┌────────

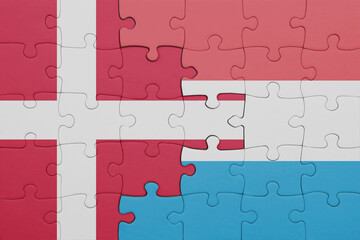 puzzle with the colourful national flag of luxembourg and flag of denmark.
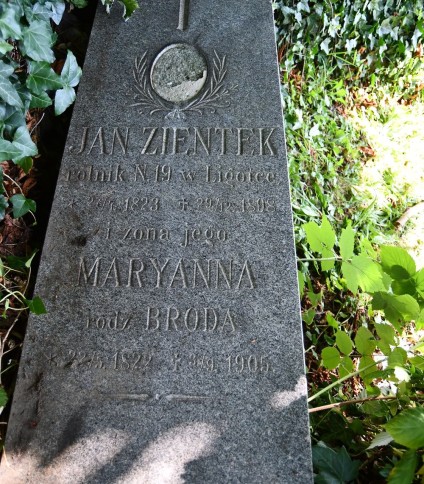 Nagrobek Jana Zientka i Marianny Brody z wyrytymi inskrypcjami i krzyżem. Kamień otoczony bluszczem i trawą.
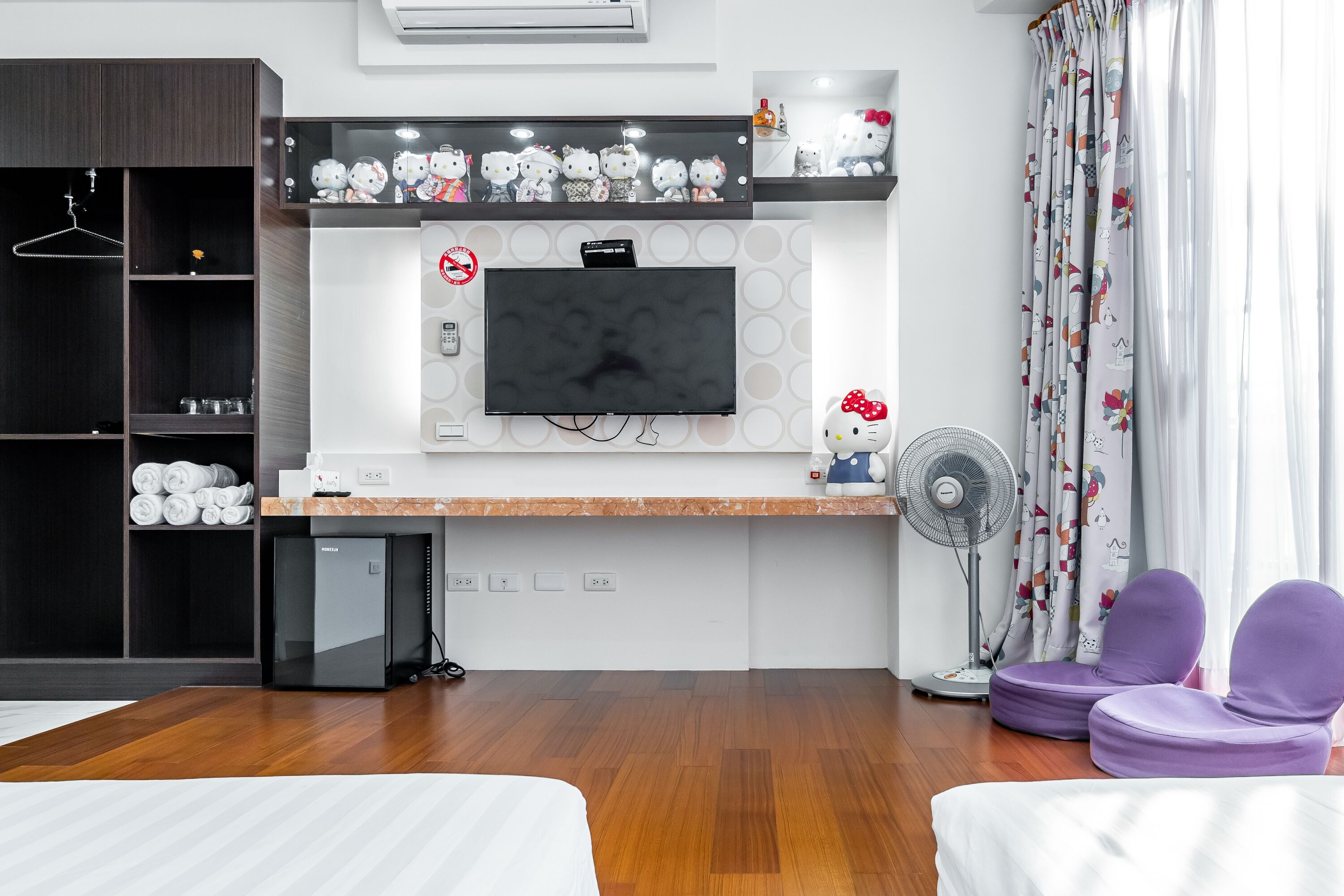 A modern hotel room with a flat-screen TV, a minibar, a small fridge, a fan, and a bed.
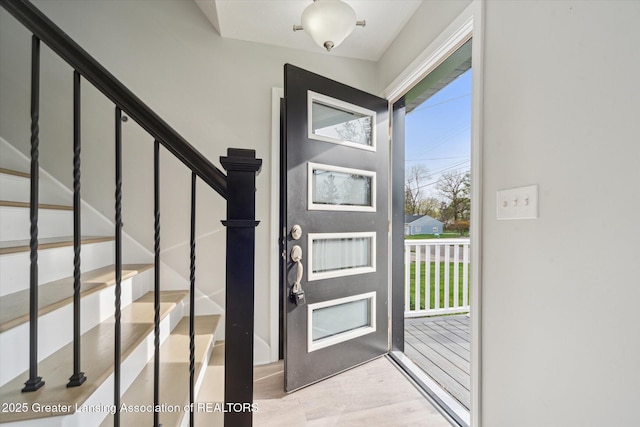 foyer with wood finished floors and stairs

└────────
┌────────

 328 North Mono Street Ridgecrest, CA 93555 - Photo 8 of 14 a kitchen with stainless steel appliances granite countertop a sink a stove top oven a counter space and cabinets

└────────

Work order -
Using the entries above, repeat exactly the lines from the one with "Nagrobek Jana Zientka" to the one with "foyer with wood finished floors and stairs", both included, and leave the pictures behind.

Output below -
 Nagrobek Jana Zientka i Marianny Brody z wyrytymi inskrypcjami i krzyżem. Kamień otoczony bluszczem i trawą.
 A modern hotel room with a flat-screen TV, a minibar, a small fridge, a fan, and a bed.
 foyer with wood finished floors and stairs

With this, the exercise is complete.